How to Hit Moving Targets

Recently I spent a couple days working at my local gun club’s deer sight-in event. I landed a cool job- working the running deer target. The skill level of participants varied over the course of the days but this clip is a good example of the typical pass- dirt was the biggest threat to the running target.

A day of watching this play out over and over inspired this article- a few tips on how to shoot moving targets. The basic concept is pretty simple- lead your target enough to ensure that your shot can arrive at the desired point of impact at the right time to score a hit. 

There are two types of moving targets as defined by the heroes at Camp LeJune: steady moving targets and stop-and-go moving targets. Steady moving targets are like the trolly-laden running deer in the video above. Stop-and-go targets are more erratic because they tend to run to and from points of cover or concealment. Stop-and-go targets are easiest to hit as they leave cover because they require time to accelerate.

The lead is the distance ahead of your target that you aim a shot to ensure that the projectile does not fall short of the target since it will keep moving after your shot breaks. Lead is affected by range, angle and speed of movement. There are three types of leads:

1) Full Lead. The target is moving straight across your line of sight with only one arm and half the body visible. This target requires a full lead because it will move the greatest distance across your line of sight during the flight of the bullet.

2) Half Lead. The target is moving obliquely across your line of sight (at about a 45 degree angle). One arm and over half of the back or chest are visible. This target requires half of a full lead because it will move half as far as a target moving directly across your line of sight during the flight of the bullet.

3) No Lead. A target moving directly toward or away from you presents a full view of both arms and the entire back or chest. No lead is required. This target is engaged in the same manner as a stationary target because it is not moving across your line of sight.
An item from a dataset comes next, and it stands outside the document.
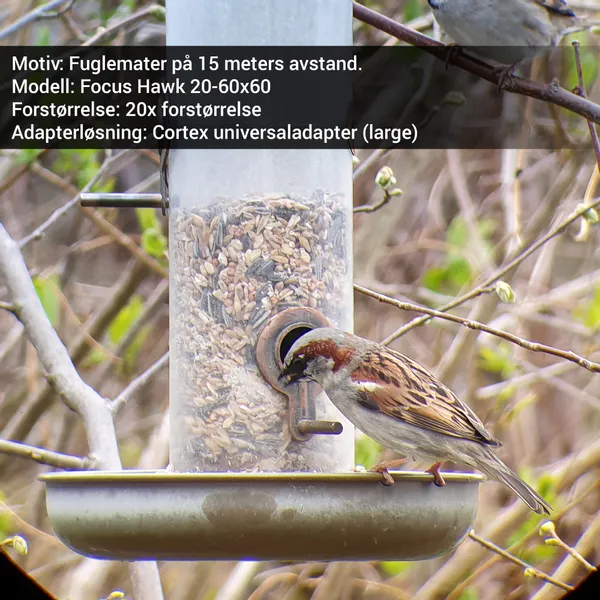 Hovedbilde Focus Outdoor 20-60x60 standard-pakke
 The USMC uses a system for calculating lead amount in points of aim- it’s covered here if you’re interested. There are two methods used to engage moving targets: tracking and trapping (aka ambush method).
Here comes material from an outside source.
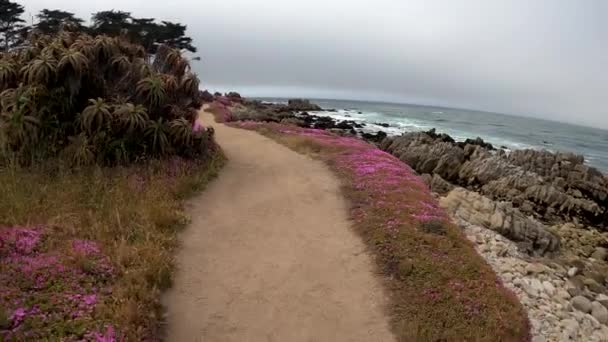 Turystyka Monterey Bay Ludzie Spacerujący Magicznym Fioletowym Dywanie Pacific Grove — Wideo stockowe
Tracking a moving target requires the user to match the movement of the target with the front sight and establish the proper amount of lead before breaking the shot:

1) Point the weapon downrange and disengage safety.

2) Take up trigger slack and track the muzzle of the weapon through the target to the desired point of aim (lead). The point of aim may be on the target or some point in front of the target depending upon the target’s range, speed, and angle of movement.

3) Track and maintain focus on the front sight while applying trigger pressure and acquiring sight alignment.
4) Continue tracking and applying trigger pressure and acquire sight picture. When sight picture is established, engage the target while maintaining the proper point of aim (lead).

5) Follow through so the lead is maintained as the bullet exits the muzzle. Continuing to track also enables a second shot to be fired on target, if necessary.

Follow through is very important when tracking a target- if you stop moving before the shot breaks it is easy to miss. Remember that the target is still moving. Also this keeps you in position for a follow up shot if required.

The Trapping method requires the user to pick a spot and wait for the target to cross that spot. This method is useful for start-and-stop targets since a pattern can fequently be discerned if you study the movement quickly (OODA Loop again? Yep).

1) Look for a pattern of exposure, such as every five seconds, etc.

2) Rifle pointed downrange, safety off, trained on a selected point of aim ahead of the target. Take up trigger slack.

3) While applying trigger pressure, obtain sight alignment in the aiming area.

4) While continuing trigger pressure, hold sight alignment until the target moves into the predetermined engagement point and the desired sight picture is established.

5) When sight picture is acquired, engage the target.

6) Follow through (hold steady)  so the sights are not disturbed as the bullet exits the muzzle.

 And there you have it – two tried and true methods of engaging moving targets- 2 legged, 4 legged and even rolling! Stay safe out there.